In last week’s Family Legacy Planning email, we shined a spotlight on the concept of stewardship and Hobby Lobby founder’s legacy plan: “No one owns the tree.” Each generation is responsible for nourishing the family enterprise so it will continue to bear fruit for generations to come. The optimum estate plan is to transfer the family assets into a trust that benefits heirs yet preserves the “tree” to pass down from generation to generation. The ideal trust also provides for mentoring heirs, so they grow into responsible, educated, empowered beneficiaries who understand and embrace the family culture.
With family legacy planning now a growing trend, there is an increased appetite for trusts of longer duration. Such trusts not only protect the family “tree,” but they also provide the beneficiaries with important protections against creditors and divorce, as well as tax savings. Recognizing this trend, the Texas legislature just enacted a new law to allow trusts to last for 300 years. The new law applies to trusts with an effective date on or after September 1, 2021. If you create an irrevocable trust during your life, the effective date is the date the trust is created. If your Will or Living Trust provides for trusts that will be activated upon your death, the effective date will be your date of death.

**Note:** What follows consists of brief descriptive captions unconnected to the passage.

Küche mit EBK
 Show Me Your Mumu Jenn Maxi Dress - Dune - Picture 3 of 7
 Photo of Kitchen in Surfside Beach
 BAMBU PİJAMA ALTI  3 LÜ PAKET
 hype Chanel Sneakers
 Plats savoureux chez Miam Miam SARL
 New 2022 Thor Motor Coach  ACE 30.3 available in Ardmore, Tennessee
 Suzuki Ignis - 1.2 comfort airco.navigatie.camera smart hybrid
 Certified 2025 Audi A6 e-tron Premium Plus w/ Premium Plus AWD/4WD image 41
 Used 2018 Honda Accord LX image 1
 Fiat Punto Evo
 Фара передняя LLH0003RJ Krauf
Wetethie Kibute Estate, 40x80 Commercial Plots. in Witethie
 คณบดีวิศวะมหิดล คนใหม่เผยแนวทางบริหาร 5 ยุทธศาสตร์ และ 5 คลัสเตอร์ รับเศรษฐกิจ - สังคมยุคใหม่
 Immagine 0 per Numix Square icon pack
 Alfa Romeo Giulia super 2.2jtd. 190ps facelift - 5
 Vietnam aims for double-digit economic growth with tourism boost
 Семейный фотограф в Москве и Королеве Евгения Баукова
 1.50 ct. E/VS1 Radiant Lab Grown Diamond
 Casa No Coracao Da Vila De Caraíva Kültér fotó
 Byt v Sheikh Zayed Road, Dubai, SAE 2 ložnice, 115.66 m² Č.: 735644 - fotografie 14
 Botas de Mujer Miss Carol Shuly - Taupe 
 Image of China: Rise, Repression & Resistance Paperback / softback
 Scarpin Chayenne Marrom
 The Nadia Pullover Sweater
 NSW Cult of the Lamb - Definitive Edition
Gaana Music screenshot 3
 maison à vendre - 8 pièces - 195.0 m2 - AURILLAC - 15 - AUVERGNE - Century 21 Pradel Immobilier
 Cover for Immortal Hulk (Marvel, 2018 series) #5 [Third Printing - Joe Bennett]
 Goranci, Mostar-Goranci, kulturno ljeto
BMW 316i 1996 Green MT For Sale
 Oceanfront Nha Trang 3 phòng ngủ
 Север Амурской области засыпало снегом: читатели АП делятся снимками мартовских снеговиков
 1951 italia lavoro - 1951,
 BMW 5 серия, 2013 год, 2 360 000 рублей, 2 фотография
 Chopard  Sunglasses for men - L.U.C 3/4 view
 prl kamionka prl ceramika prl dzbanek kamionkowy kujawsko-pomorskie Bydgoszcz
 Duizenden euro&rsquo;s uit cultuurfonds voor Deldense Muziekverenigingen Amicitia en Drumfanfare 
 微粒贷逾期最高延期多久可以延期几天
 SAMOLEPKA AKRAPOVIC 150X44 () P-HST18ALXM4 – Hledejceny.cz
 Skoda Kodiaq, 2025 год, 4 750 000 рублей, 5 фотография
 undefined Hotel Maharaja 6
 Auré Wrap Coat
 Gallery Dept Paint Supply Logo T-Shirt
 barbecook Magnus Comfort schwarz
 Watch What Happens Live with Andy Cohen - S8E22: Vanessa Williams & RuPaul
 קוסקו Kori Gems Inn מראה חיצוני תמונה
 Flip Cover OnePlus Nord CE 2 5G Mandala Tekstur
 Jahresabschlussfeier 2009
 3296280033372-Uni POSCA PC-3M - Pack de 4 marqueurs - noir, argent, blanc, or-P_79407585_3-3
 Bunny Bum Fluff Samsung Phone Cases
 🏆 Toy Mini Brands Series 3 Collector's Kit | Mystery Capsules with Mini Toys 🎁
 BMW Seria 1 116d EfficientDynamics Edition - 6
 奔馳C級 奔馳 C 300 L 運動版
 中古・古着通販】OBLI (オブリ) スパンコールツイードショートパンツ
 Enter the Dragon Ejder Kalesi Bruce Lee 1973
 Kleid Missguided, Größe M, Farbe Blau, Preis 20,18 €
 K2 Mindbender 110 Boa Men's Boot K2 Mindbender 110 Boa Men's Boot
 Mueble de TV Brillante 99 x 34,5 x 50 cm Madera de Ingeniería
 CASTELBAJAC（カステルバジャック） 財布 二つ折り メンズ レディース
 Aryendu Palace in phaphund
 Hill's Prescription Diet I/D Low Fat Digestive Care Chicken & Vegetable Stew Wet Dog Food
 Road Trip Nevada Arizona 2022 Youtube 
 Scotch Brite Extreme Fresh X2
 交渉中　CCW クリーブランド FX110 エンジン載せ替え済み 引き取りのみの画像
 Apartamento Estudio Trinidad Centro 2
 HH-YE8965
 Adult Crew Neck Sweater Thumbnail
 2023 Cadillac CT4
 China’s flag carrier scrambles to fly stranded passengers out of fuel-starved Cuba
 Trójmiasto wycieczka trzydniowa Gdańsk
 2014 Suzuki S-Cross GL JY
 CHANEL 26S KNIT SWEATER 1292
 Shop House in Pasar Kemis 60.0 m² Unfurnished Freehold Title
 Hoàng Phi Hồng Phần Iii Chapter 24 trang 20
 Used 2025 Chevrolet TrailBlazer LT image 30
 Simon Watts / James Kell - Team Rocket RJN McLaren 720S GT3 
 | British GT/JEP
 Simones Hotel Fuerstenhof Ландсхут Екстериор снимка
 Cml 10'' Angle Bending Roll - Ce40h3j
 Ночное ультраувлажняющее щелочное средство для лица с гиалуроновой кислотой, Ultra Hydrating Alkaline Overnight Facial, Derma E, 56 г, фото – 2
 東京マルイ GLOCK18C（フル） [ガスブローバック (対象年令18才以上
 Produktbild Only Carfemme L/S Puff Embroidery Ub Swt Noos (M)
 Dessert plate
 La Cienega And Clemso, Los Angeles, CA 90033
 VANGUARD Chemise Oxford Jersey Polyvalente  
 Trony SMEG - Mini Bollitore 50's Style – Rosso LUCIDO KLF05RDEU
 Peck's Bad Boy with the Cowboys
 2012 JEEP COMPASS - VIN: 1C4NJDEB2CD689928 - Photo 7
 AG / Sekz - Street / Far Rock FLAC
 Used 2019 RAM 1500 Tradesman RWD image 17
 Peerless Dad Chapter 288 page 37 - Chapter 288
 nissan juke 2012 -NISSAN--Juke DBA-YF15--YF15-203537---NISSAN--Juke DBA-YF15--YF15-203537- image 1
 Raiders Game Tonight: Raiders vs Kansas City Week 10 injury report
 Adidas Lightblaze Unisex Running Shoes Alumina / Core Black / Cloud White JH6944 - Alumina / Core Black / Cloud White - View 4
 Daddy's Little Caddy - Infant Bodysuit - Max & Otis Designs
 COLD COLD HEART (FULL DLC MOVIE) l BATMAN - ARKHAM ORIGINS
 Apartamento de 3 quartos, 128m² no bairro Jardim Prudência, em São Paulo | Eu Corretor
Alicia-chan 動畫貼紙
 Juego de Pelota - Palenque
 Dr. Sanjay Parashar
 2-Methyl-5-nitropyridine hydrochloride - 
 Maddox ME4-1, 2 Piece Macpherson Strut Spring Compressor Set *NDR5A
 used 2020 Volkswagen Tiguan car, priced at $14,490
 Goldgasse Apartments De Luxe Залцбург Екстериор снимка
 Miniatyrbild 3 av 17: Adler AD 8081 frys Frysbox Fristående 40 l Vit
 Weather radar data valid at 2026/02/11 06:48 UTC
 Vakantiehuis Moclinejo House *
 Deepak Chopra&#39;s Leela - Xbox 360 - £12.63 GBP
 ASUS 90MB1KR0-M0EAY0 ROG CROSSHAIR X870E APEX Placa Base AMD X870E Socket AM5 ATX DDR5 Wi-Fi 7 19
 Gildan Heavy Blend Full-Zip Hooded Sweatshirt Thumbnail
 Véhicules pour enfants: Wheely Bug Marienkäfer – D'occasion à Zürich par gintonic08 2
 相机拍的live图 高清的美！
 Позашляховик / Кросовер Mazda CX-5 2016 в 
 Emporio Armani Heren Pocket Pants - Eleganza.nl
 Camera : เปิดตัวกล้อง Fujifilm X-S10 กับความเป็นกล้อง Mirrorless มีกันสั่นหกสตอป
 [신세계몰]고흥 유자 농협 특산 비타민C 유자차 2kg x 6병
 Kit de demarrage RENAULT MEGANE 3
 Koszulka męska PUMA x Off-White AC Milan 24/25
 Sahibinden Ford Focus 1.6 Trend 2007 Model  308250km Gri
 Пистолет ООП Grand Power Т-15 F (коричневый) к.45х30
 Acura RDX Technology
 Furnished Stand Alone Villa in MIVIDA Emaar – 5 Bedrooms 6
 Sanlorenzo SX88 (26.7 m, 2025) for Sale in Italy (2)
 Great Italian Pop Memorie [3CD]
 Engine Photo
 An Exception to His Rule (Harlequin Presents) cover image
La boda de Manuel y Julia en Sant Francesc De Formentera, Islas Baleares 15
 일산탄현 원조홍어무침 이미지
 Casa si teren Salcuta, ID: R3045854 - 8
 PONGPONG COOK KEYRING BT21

Before this new law, the Texas “Rule Against Perpetuities” permitted trusts to last no longer than the lifetime of anyone alive at time of trust creation (known as a “measuring life” who was identified in the trust), plus 21 years. If such a measuring life was a baby who lived to 80, the maximum length of a Texas trust was about 100 years.
In the past, Texans wishing to create a longer-term trust created the trust under the law of another state (such as a perpetual trust in Delaware, South Dakota, or Alaska, or a 365-year trust in Nevada). To do so required naming a trustee in that chosen state. Texans desiring longer-term trusts now have the choice of keeping their trusts at home. There are still other protections that may favor creating an out-of-state trust, but if the only concern is duration, a Texas trust is now an option.
Estate planners are now exploring whether irrevocable trusts created before September 1, 2021 can be modified to last longer. That analysis needs to happen on a trust-by-trust basis, depending on the facts of each case. However, what is clear is that if your Will or Living Trust creates a Texas trust that activates upon your death, you should consider amending your plan to take advantage of the new 300 year term.